British television and film production designer

Roger Murray-Leach (born 25 June 1943) is a British production designer who worked at the BBC on the science fiction television series Doctor Who and Blake's 7 in the 1970s, and later worked on major feature films.

==Career==
===Doctor Who===
Initially training to be an architect, Murray-Leach joined the BBC design department in 1966. He began working on Doctor Who when Philip Hinchcliffe took over as producer in late 1974. Hinchcliffe's vision for the series included giving a high priority to set design. Murray-Leach designed several serials under Hinchcliffe's reign.

Murray-Leach has appeared in a number of television and DVD documentaries discussing his work on Doctor Who, including A Darker Side, a retrospective feature included on the BBC DVD release of Planet of Evil, in which he and Hinchcliffe returned to Ealing studios to discuss the story's design and production.

===Blake's 7===

David Maloney, a director who had worked on Doctor Who serials designed by Murray-Leach, went on to produce Blake's 7 for the BBC and immediately secured his services as lead designer, which included both the exterior and interior of the Liberator spacecraft.

In 1980, following his work on Langrishe, Go Down, starring Judi Dench and Jeremy Irons, and Speed King, starring Robert Hardy as Sir Malcolm Campbell, Murray-Leach left the BBC to work on the 1981 series Winston Churchill: The Wilderness Years, for which he was nominated for a BAFTA award.

===Film production===
Murray-Leach then moved into feature films, working as production designer on Local Hero. In 1983 he was also employed as art director on The Killing Fields.
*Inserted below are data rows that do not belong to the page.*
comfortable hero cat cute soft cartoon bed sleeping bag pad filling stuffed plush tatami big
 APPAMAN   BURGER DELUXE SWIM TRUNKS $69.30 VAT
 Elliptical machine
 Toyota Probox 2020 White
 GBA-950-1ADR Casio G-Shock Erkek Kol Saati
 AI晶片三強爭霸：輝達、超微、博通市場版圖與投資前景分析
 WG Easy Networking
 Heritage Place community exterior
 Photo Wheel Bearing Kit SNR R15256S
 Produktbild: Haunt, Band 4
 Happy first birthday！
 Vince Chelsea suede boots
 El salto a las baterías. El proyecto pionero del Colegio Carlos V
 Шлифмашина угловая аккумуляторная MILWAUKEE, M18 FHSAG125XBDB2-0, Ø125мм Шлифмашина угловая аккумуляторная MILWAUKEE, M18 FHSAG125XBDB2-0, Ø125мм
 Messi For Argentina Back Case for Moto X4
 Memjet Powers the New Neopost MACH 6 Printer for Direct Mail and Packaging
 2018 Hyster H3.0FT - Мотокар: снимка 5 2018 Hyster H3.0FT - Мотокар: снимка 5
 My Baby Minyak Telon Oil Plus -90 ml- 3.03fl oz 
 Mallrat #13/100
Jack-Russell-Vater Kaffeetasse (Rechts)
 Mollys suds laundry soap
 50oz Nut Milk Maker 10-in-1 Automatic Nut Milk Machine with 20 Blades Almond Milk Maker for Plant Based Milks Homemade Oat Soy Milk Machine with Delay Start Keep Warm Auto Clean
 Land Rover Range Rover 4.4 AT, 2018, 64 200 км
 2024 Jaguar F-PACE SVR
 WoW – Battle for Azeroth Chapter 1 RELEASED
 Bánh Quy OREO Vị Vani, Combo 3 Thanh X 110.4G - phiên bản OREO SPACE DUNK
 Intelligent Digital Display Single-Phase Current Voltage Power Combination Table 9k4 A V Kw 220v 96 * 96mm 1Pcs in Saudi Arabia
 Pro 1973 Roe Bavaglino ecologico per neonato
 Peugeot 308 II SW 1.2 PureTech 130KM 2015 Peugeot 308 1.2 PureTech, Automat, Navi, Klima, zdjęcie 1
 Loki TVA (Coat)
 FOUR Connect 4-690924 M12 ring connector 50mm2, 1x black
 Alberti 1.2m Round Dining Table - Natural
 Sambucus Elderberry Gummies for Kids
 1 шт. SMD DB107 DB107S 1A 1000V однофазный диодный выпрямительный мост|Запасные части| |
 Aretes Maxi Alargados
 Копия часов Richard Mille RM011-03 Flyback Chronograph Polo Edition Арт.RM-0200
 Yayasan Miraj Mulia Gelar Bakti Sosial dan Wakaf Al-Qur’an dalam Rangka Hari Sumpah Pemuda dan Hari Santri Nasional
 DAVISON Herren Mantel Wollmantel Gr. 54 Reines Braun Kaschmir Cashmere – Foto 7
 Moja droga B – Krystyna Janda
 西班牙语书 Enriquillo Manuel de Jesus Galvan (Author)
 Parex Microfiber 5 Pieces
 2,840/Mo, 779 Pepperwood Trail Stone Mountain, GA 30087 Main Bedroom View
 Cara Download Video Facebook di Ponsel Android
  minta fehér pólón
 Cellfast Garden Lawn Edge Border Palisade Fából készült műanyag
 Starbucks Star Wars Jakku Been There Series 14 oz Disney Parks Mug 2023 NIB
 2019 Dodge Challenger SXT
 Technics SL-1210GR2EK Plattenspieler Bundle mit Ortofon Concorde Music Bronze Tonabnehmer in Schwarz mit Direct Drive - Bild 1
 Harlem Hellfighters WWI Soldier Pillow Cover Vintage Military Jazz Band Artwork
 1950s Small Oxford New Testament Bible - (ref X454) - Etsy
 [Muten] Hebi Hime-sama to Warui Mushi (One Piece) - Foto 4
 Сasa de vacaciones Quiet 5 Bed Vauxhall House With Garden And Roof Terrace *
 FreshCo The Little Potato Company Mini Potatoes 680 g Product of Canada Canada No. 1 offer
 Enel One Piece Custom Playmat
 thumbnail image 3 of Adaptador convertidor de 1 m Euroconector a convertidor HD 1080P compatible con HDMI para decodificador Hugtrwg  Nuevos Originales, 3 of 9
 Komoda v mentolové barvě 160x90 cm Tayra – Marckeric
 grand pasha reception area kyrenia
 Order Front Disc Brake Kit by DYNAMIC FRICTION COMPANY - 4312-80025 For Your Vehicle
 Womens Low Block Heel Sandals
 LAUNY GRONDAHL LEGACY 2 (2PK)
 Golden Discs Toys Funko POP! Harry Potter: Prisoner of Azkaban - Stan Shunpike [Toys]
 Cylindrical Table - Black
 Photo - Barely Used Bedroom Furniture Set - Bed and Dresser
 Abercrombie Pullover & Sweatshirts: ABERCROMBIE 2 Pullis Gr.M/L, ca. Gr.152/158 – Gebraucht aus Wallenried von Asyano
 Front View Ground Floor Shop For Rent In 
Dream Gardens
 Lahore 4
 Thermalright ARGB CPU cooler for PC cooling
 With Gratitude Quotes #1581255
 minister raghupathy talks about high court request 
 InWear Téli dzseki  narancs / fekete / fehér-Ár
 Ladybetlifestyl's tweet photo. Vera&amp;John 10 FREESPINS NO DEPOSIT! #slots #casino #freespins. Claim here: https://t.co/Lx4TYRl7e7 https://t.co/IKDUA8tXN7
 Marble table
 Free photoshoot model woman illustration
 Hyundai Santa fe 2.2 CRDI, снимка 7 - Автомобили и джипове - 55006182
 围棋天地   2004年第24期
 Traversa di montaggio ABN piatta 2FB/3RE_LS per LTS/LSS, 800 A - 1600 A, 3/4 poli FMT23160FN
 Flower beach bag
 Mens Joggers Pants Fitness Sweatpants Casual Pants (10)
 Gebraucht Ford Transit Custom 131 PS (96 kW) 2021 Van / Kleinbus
Following this his credits include A Christmas Carol, with George C Scott as Ebenezer Scrooge, Defence of the Realm, Clockwise, A Fish Called Wanda, and the 1989 biographical film of Ian Fleming, Goldeneye. His movie career extended into the 1990s with, among others, Mrs. 'Arris Goes to Paris, The Mighty Quinn, Twenty-One and Fierce Creatures.

In 2002 he co-founded the 'Fishworks' restaurant chain with chef Mitch Tonks.

In recent years he has worked with film director Norman Stone on productions such as Beyond Narnia, Florence Nightingale, KJV, Whistler and The Most Reluctant Convert - as well as working on the development of further projects.